Alby Mangroves said...

One of my favourite Beatles songs. Your description of the exes and their children made me sad. Very eloquent. The Man and I have discussed our views on these things.. never speaking badly of the other parent, etc. I wonder if this is as necessary to some people as it seems to others, or if it's that much harder to achieve if you hate each other.

The Fool said...

Arrivals and departures at airport terminals and train stations fascinate me, too. Having been the prodigal son, the father, and the lover in such settings so many times over the years, I must say I prefer the aloof content and distance of the quiet observer. Hello-Goodbyes...there's so much said without/beyond words. Nice post. Thanks for sharing.

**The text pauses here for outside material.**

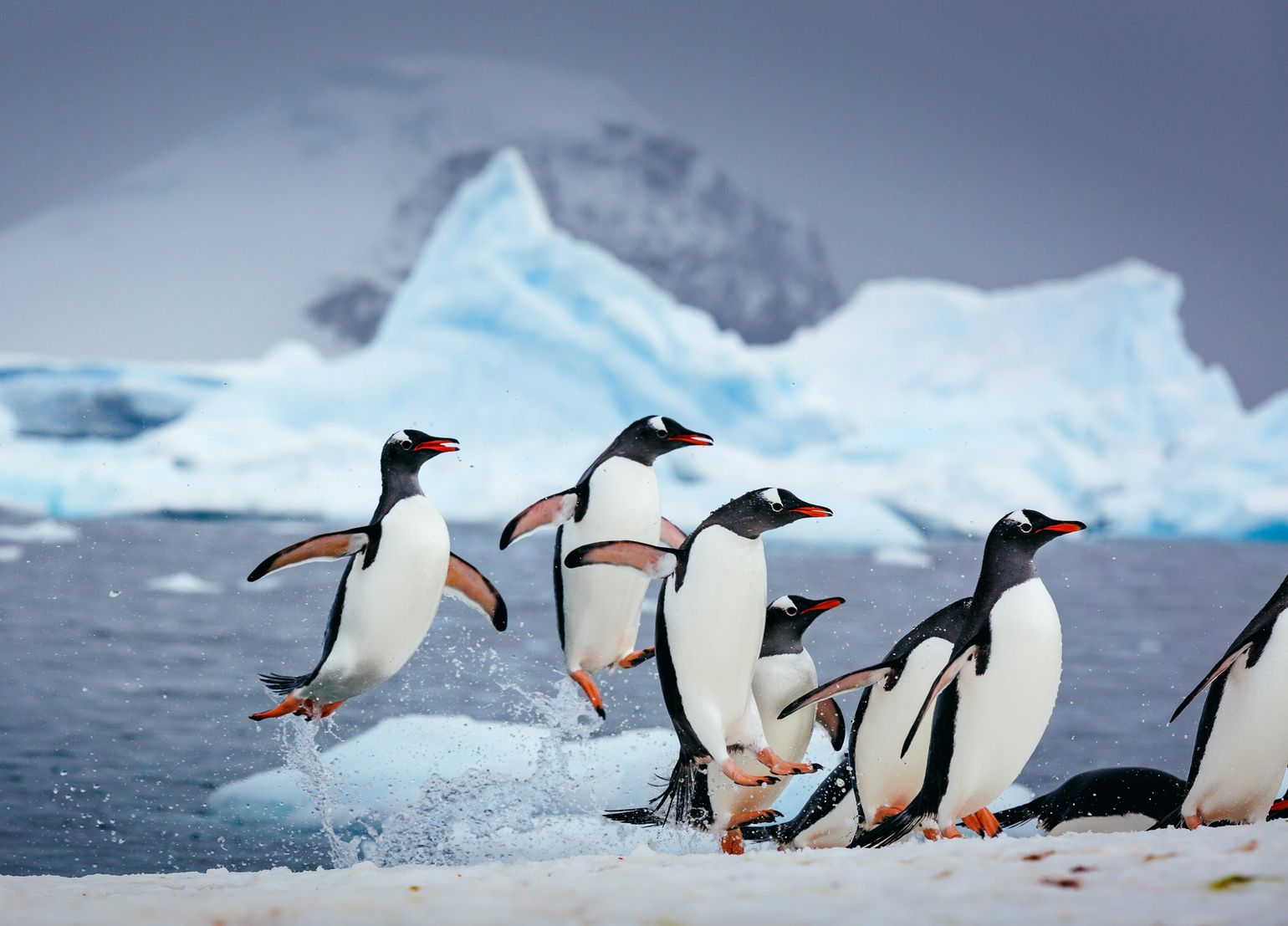 Op expeditie naar de Zuidpool (Antarctica) met Quark Expeditions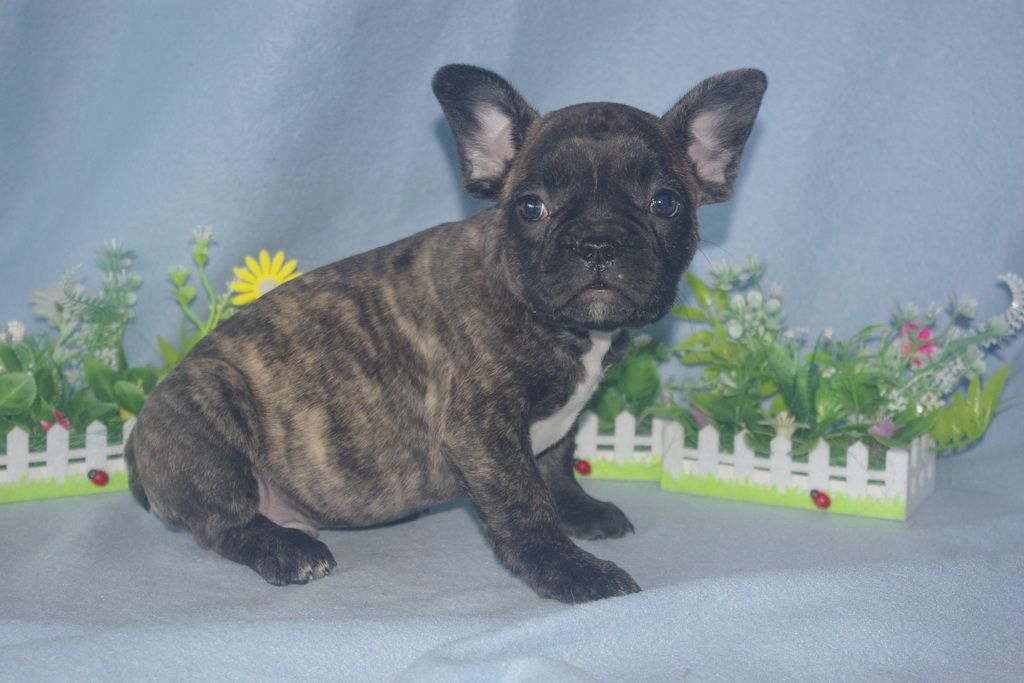 images/contenu/Chiots/Bouledogue/013/bouledogue_franais_002_4.jpg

Lone Grey Squirrel said...

I really enjoyed this post; both about the story of your romantic poetic gift giver and your observations on hellos and goodbyes. Indeed when I too have observed the dance of the estranged parents, i just wonder why they couldn't work it out. Why wasn't love enough.

Molly said...

You brought tears to my eyes with your hellos/ goodbyes!

Tanya said...

I love reading your thoughts and seeing your train station and airport and people you observe. I wish I and the power of observance that you do.

I agree with you about all the dogs in the world needing safe, loving, healthy, happy lives.

I heard someone say if your think about your age you will become that age. I try not to recognize my age (which is not to say I'm trying to be blatently younger than I am.)